Sagal has seen this happen, but he’s reluctant to condemn the process. “It’s true that a theater can use the process merely as a way of auditioning plays and playwrights. That’s terrible. But it’s helpful to see and hear one’s play on its feet, and I’ve seen too many plays improved in that way. ‘Millennium Approaches,’ ‘Nicholas Nickleby’ and ‘Miss Evers’ Boys’ are just three examples.

“The development process tests if the new work is stage-worthy. Subscription-based theaters have to be sure of this, since they have to fill their houses with work. If they don’t, they’ll close down, and whom does that serve?”

Sagal then takes a tough assessment of himself: “I think directorially all the time, which is why I’m a literary manager and a bad production dramaturge. I have too many ideas of my own.” That is why he is excited to do Davis’ “Dancing,” although he admits he was hired for the job.

“But,” he adds, “I’m not stupid enough to do a play I don’t like. Davis takes this cliched situation--a college football player manipulated by his coach and mom”--played by theater veterans Alan Feinstein and Lois Nettleton--”and supposedly enlightened by his beautiful female tutor--and turns it into something unexpected.”

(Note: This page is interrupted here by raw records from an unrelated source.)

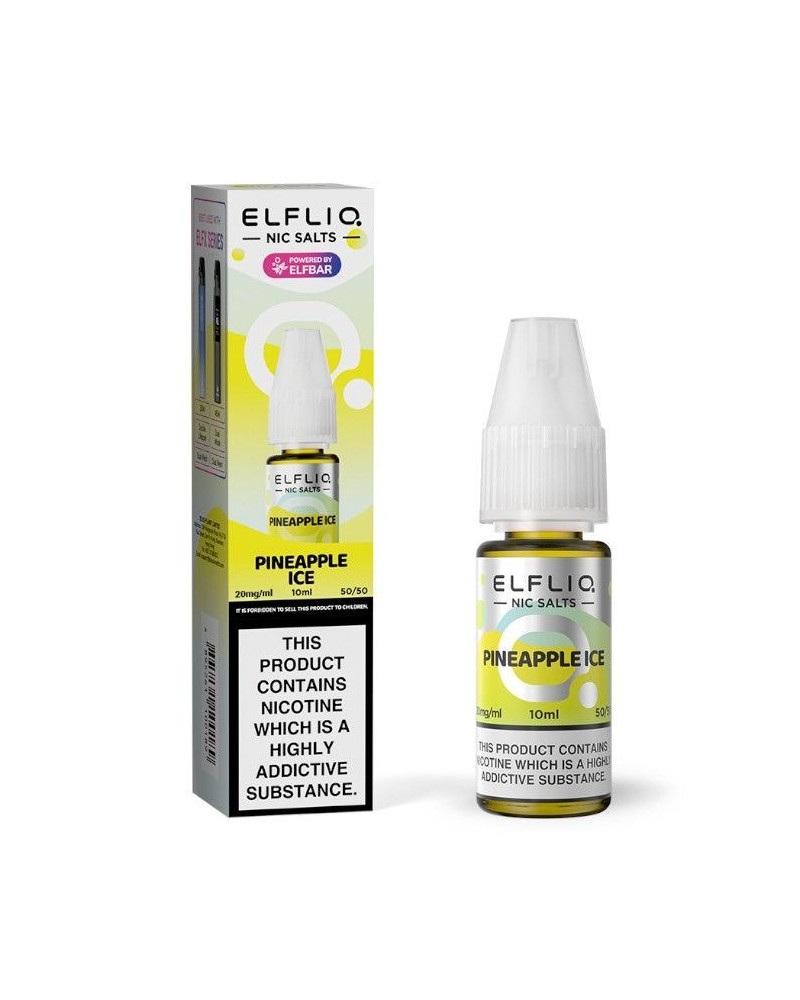 Pineapple Ice Elfliq Nic Salt 10ml | 4 for £12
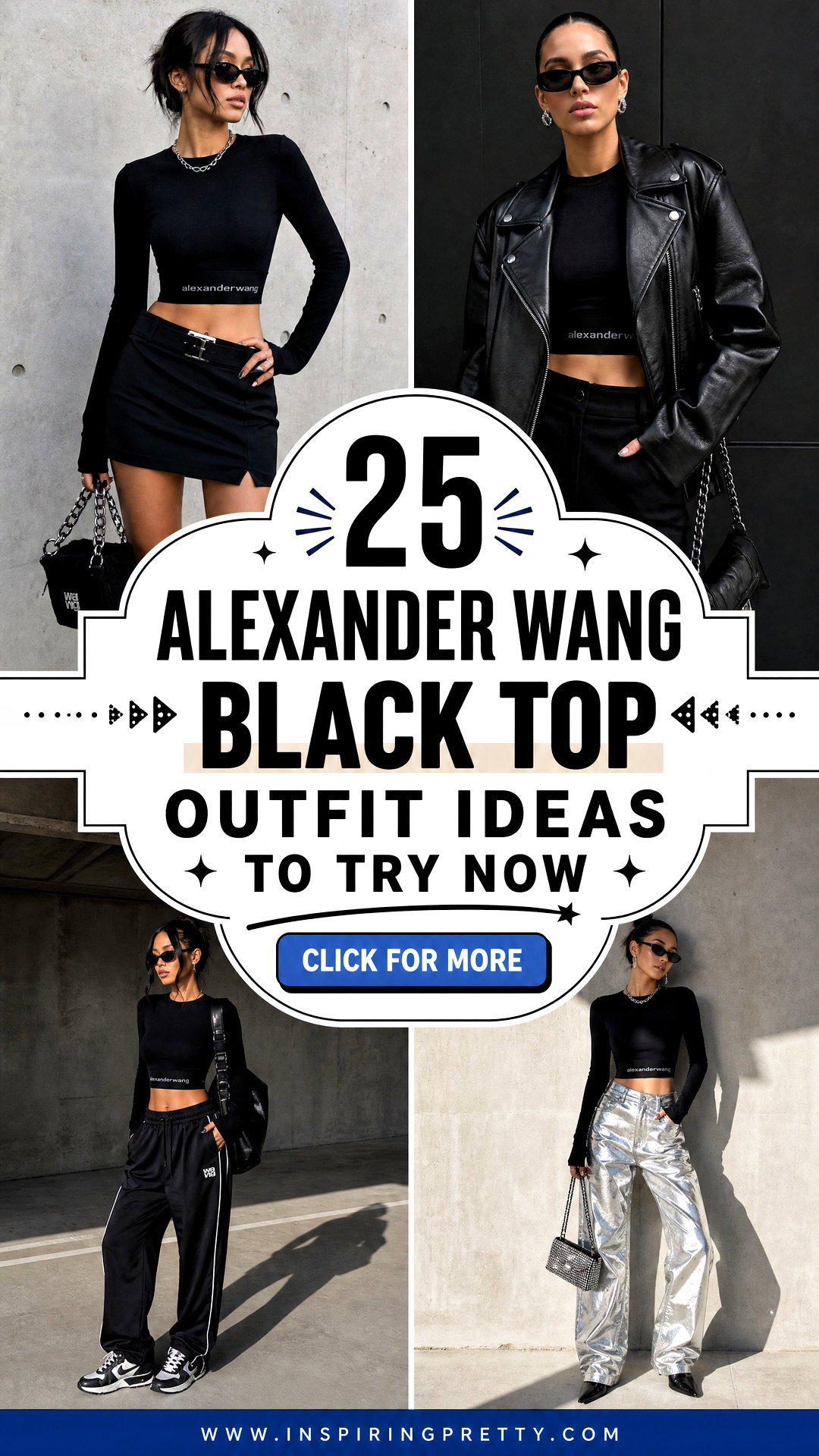 25 Alexander Wang Black Top Outfit Ideas to Try Now - 25 Alexander Wang Black Top Outfit Ideas to Try Now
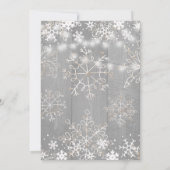 Invitation Flammes de neige en argent cristal - dîner de répé (Dos)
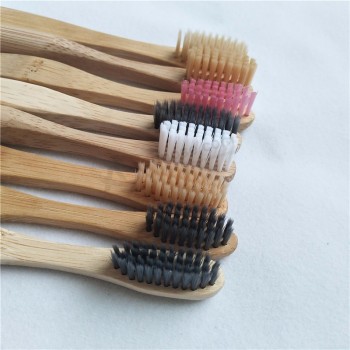 生态-Amistoso carbón de bambú biodegradable cepillo de dientes etiqueta privada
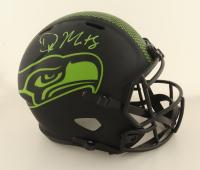 DK Metcalf Signed Seahawks Eclipse Alternate Speed Full-Size Helmet (Beckett) at PristineAuction.com
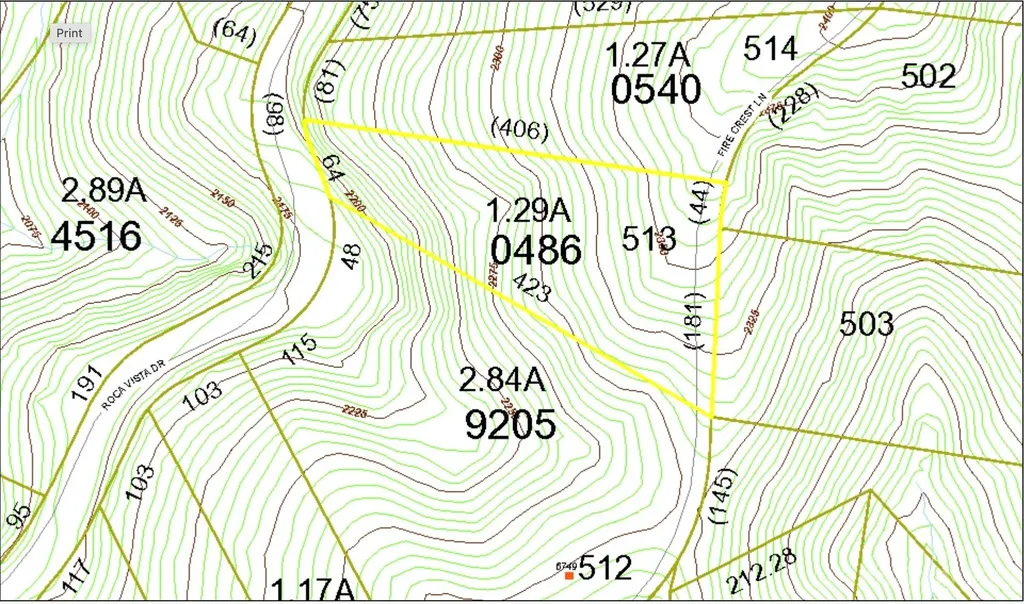 Lot# 513 Fire Crest Lane Lenoir NC 28645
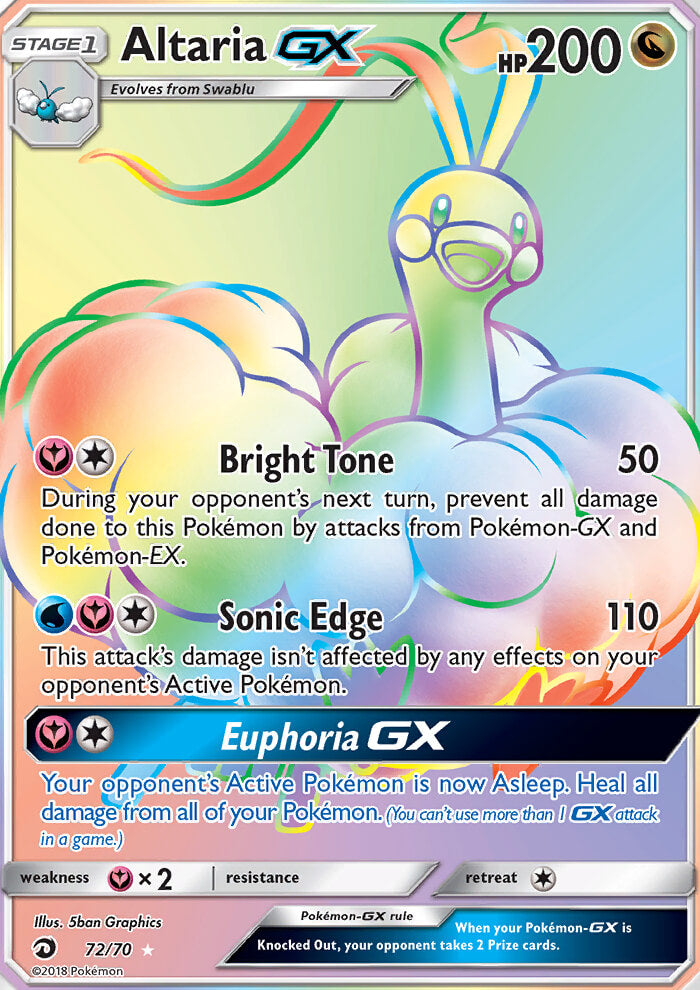 Altaria GX (Secret Rare)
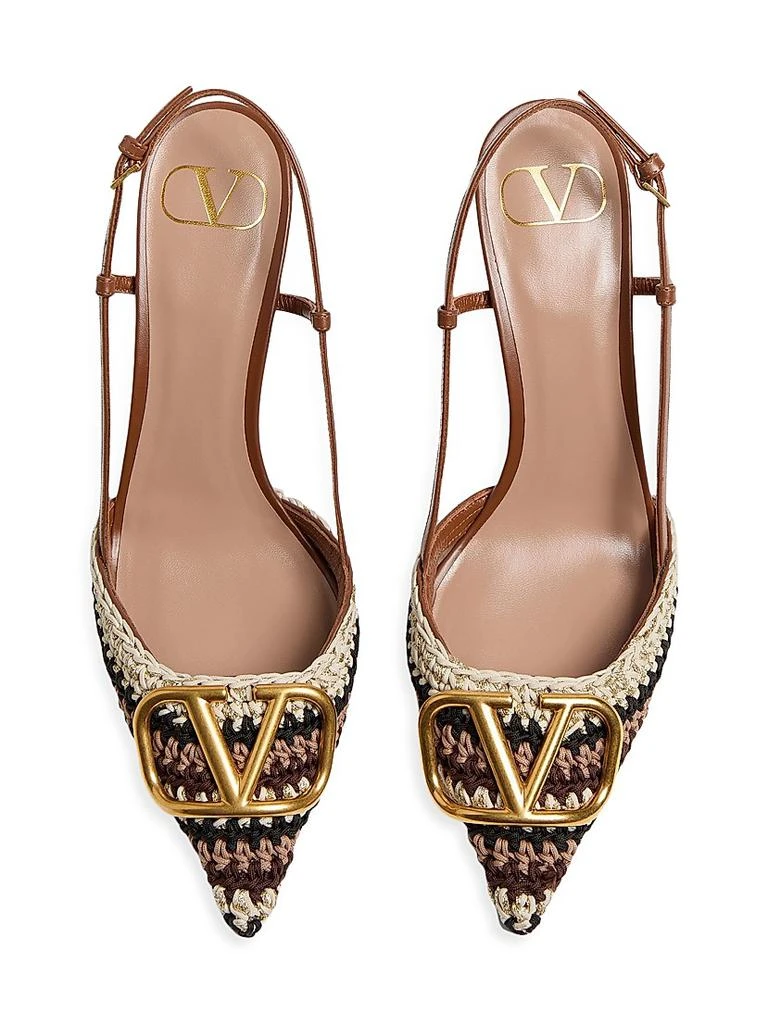 Valentino VLogo Signature Slingback Pumps 80MM 4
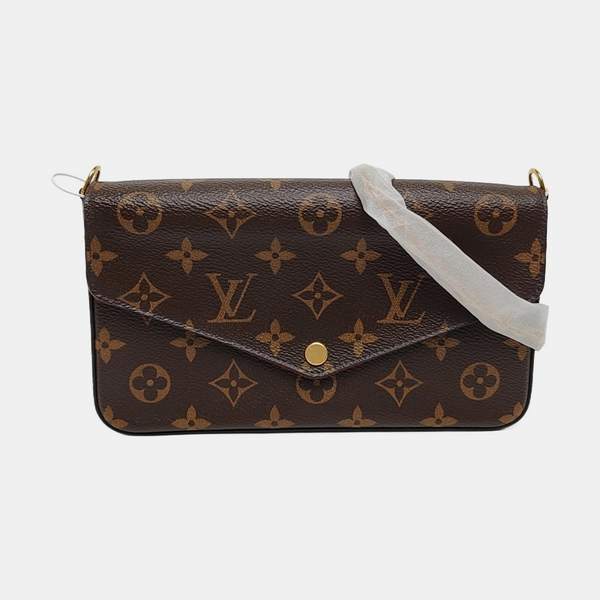 FÉLICIE Monogram Coated Canvas Brown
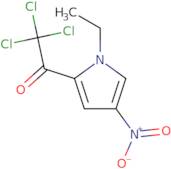 2,2,2-Trichloro-1-(1-ethyl-4-nitro-1H-pyrrol-2-yl)-ethanone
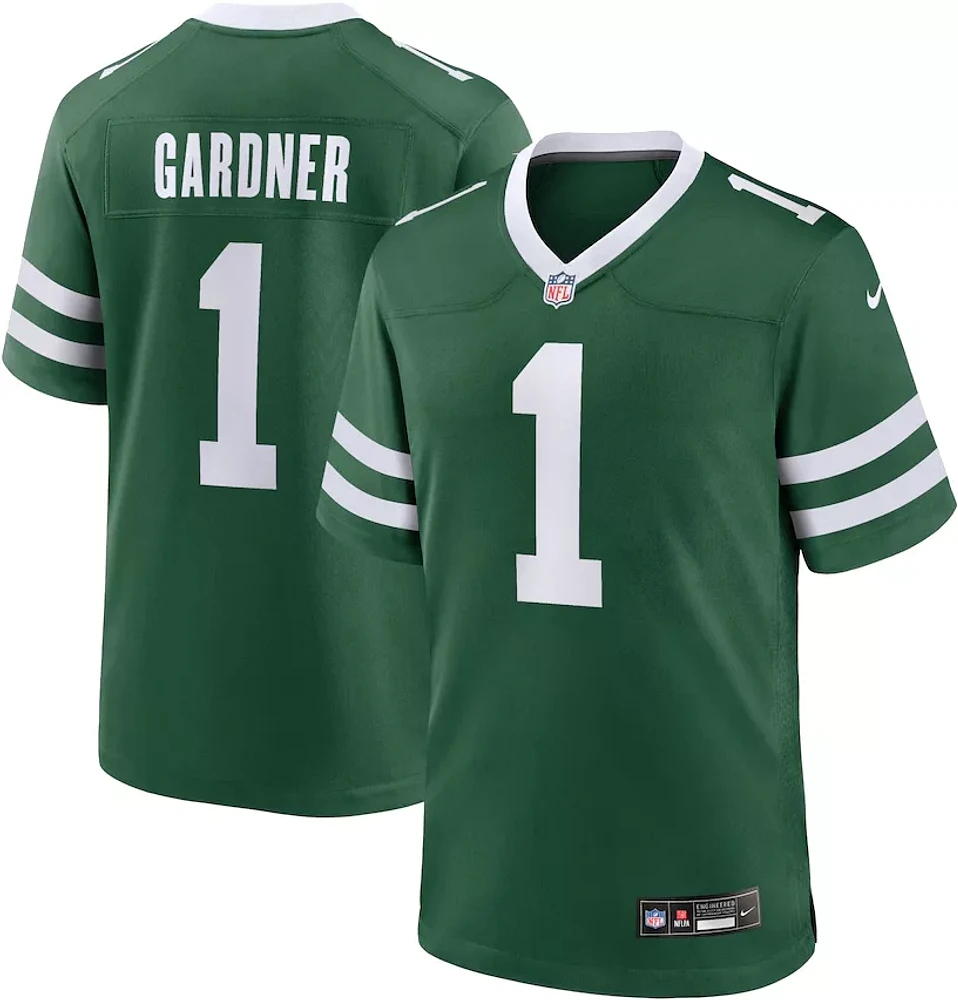 Nike Men's New York Jets Ahmad Sauce Gardner #1 Green Game Jersey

Interestingly, Sagal suggests that his day job has made him appreciate the kind of well-made play for which Davis is famous. “Sure, I read a lot of plays, and most of them lack what Davis is so good at: structure. Now, I can see what a craftsman he is. Something is happening in every scene; things are always moving forward. That is very tough to do because few playwrights can do it.”